Ultimamente sono diventato meno ostile riguardo a
certe prese di posizione della Chiesa cattolica che un
tempo mi facevano incazzare, e che ora invece comincio a considerare come degli Ego non.
Comincio a chiedermi perché la Chiesa sostenga
cause apparentemente retrograde, perdenti a tavolino.
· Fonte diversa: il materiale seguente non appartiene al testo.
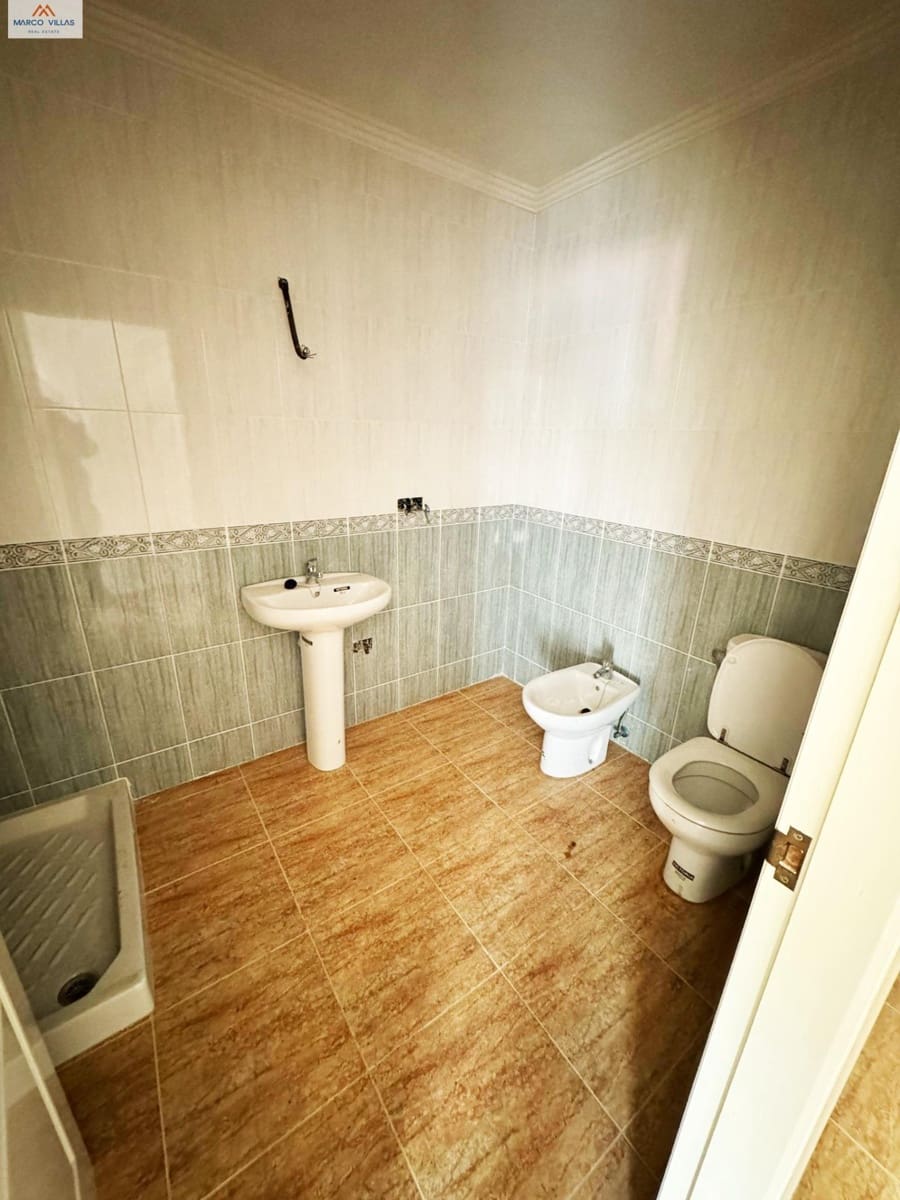 4 soverom Leilighet til salgs i Los Palacios - € 345 000 (Ref: 8809741)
Ho cominciato a pensare che l’apparente antimodernità della chiesa cattolica possa nascondere qualcosa di
positivo. Mi ha messo per la prima volta la pulce nell’orecchio, tanti anni fa, la lettura di un classico della
fantascienza, L’undicesimo comandamento, di Lester Del
Rey. In questo bel romanzo, ancora godibilissimo a
quasi cinquant’anni di distanza, dopo una rovinosa
guerra nucleare la scismatica Chiesa Eclettica Americana ha aggiunto ai dieci comandamenti tradizionali un
undicesimo (appunto) comandamento: “Moltiplicatevi
senza limiti”. In un mondo inquinato e impoverito,
dove la radioattività dell’aria e della terra producono
terribili mutazioni genetiche, un messaggio del genere
sembrerebbe paradossale. Ma il lettore si rende presto
conto che il disegno della Chiesa Eclettica Americana
è fondamentale per la salvezza della specie umana. Il
moltiplicarsi della vita serve infatti sia a favorire la selezione genetica naturale che a rafforzare, attraverso le
difficoltà, i legami empatici tra le persone e la solidarietà sociale. Quello che sembra uno scandalo si rivela
invece un progetto sensato, vitale.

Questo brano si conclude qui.